Your goal -> Transcribe all the entries word for word, omitting any pictures they contain.

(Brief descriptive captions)
::::::::::

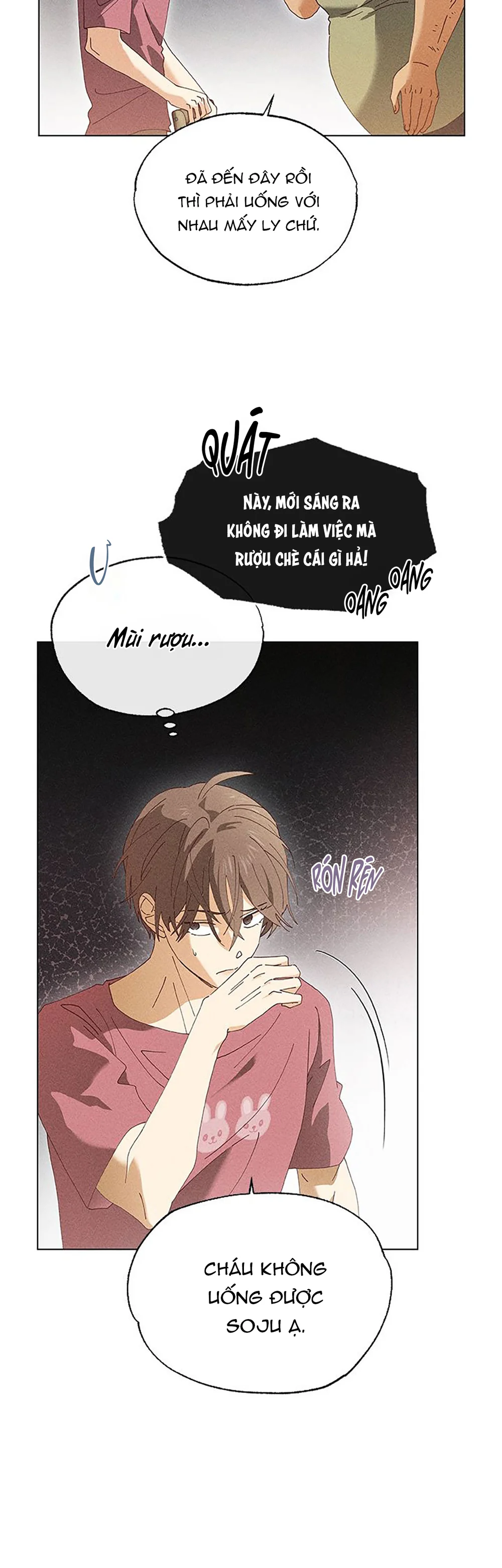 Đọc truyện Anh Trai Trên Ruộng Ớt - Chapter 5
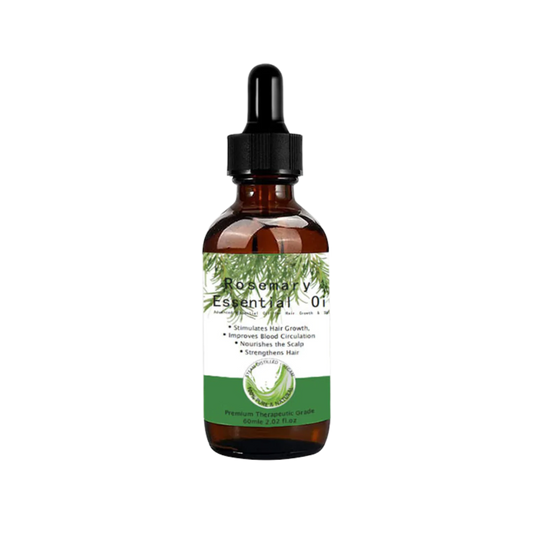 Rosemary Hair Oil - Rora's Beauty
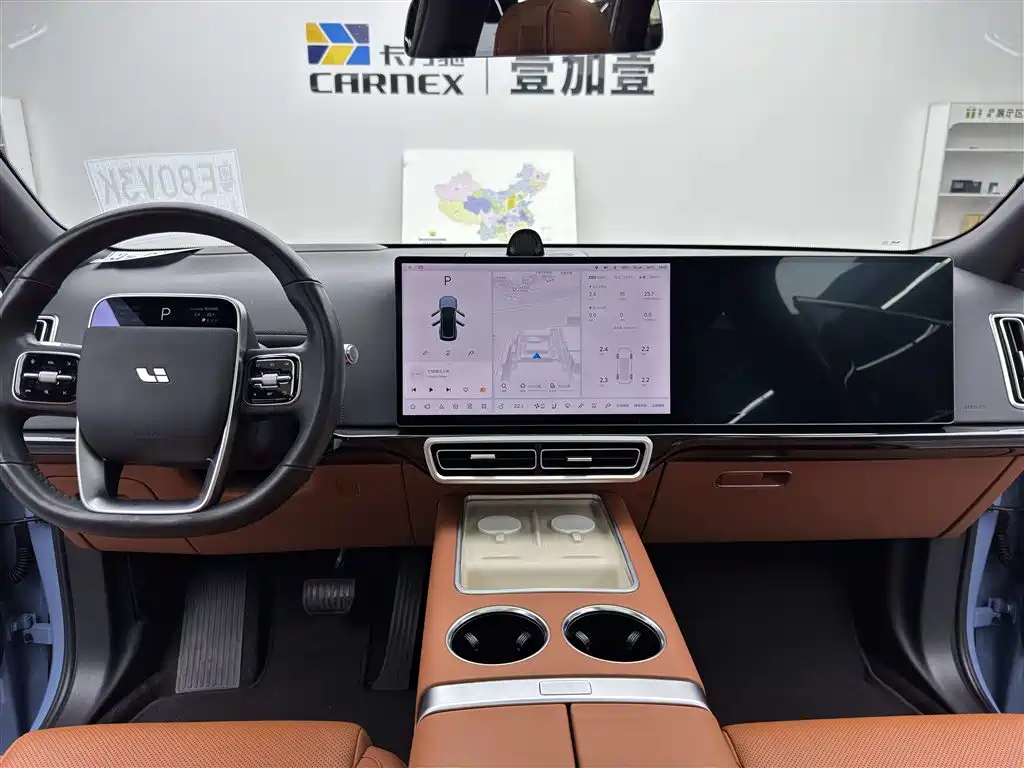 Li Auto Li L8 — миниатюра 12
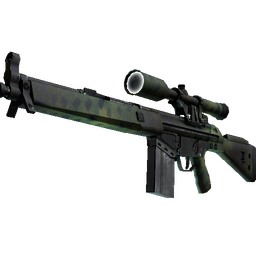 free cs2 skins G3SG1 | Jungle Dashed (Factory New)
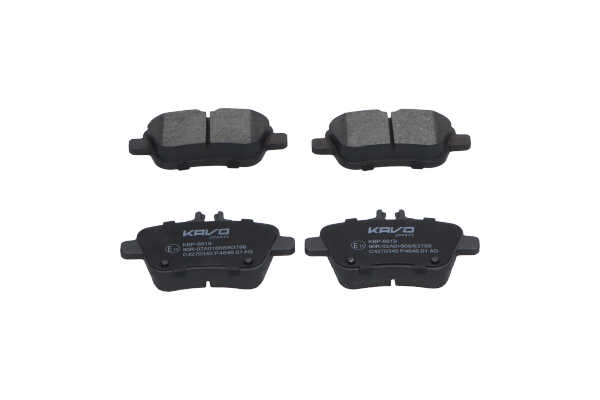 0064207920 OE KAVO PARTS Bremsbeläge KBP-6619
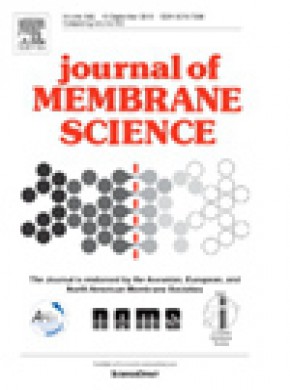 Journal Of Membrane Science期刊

::::::::::

Exercise response ->
 Đọc truyện Anh Trai Trên Ruộng Ớt - Chapter 5
 Rosemary Hair Oil - Rora's Beauty
 Li Auto Li L8 — миниатюра 12
 free cs2 skins G3SG1 | Jungle Dashed (Factory New)
 0064207920 OE KAVO PARTS Bremsbeläge KBP-6619
 Journal Of Membrane Science期刊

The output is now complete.